Annotations can be added to spans, enabling additional context when viewing the waterfall chart. span.add_annotation("processing item {}".format(item))

Labels can be create to provide more information when viewing the details of a span. tracer.add_attribute_to_current_span(attribute_key='Operation', attribute_value='Delete')

Sample Python script with traces enabled

# import OpenCensus modules
from opencensus.common.transports.async_ import AsyncTransport
from opencensus.ext.stackdriver import trace_exporter as stackdriver_exporter
from opencensus.trace import tracer as tracer_module


def get_master_data():
    # create the first child span, everything executing within the function is measured
    with tracer.span(name="/it-process/get-master-data") as span:
        data = some_function_to_get_master_data()
    return data

def get_it_system_data():
    # create the second child span
    with tracer.span(name="/it-process/get-it-system-data") as span:
        data = some_function_to_get_it_system_data()
    return data

def sync_data(master_data, it_system_data):
    results = []
    for item in data:
    
        # create the third child span for each item
        # everything executed in the block below is measured
        with tracer.span(name="/it-process/sync-data") as span:
            response = some_function_to_sync_data()
            results.append(response)
           
            # let's create an annotation showing what item is being processed
            span.add_annotation("processing item {}".format(item))
    return results

def generate_report(results):
    # creates fourth child span
    with tracer.span(name="/it-process/generate-report") as span:
        report = some_function_to_generate_report(item)
        
        # let's add some additional information about the span
        tracer.add_attribute_to_current_span(attribute_key='Total Report Items',
                                             attribute_value=len(report))
    return report


if __name__ == '__main__':

    # setup the OpenCensus trace and exporter
    exporter = stackdriver_exporter.StackdriverExporter(project_id='my-google-project-id',
                                                        transport=AsyncTransport)
    tracer = tracer_module.Tracer(exporter=exporter)
    
    # create a parent span, everything which executes below this is included in the span 
    with tracer.span(name="/it-process") as span:
        master_data = get_master_data()
        it_system_data = get_it_system_data()
        results = sync_data(master_data, it_system_data)
        generate_report(results)

Google Cloud StackDriver Trace

Waterfall chart

After executing the script the trace will immediately be visible in the StackDriver Trace section of Google Cloud. As you can see, the parent span is named ‘it-process’, followed by child spans of ‘it-process/get-master-data’, ‘it-process/get-it-system-data’ etc.

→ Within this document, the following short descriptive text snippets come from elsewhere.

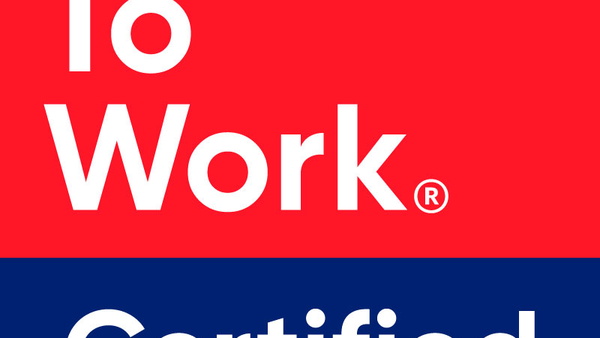 Great Place to Work Certified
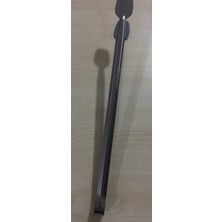 Kocher Et Maşa Mangalbarbekü Mutfak Uzun Boy 40CM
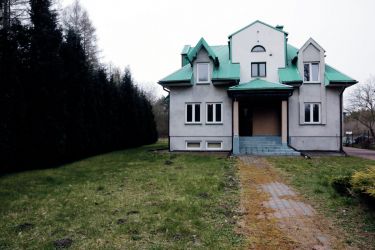 Poniatów, 650 000 zł, 185 m2, 6 pokoi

Chart highlighting each operation in the script, with processing times

Scatter graph

The scatter graph is useful for spotting outliers, where an operation has taken a longer than usual time to process. In the graph there is clearly an issue at 9.54pm. Selecting a data point will display the waterfall chart, along with the operation which introduced the delay.

Scatter graph showing requests by response time

Analysis Report

You can create customized reports to gain insights into trace data, for example viewing percentage of traces by distribution of response time.

Screenshot of custom trace analysis report

I hope this article was useful and provided some ideas for how you could leverage traces to get insights into your processes and applications.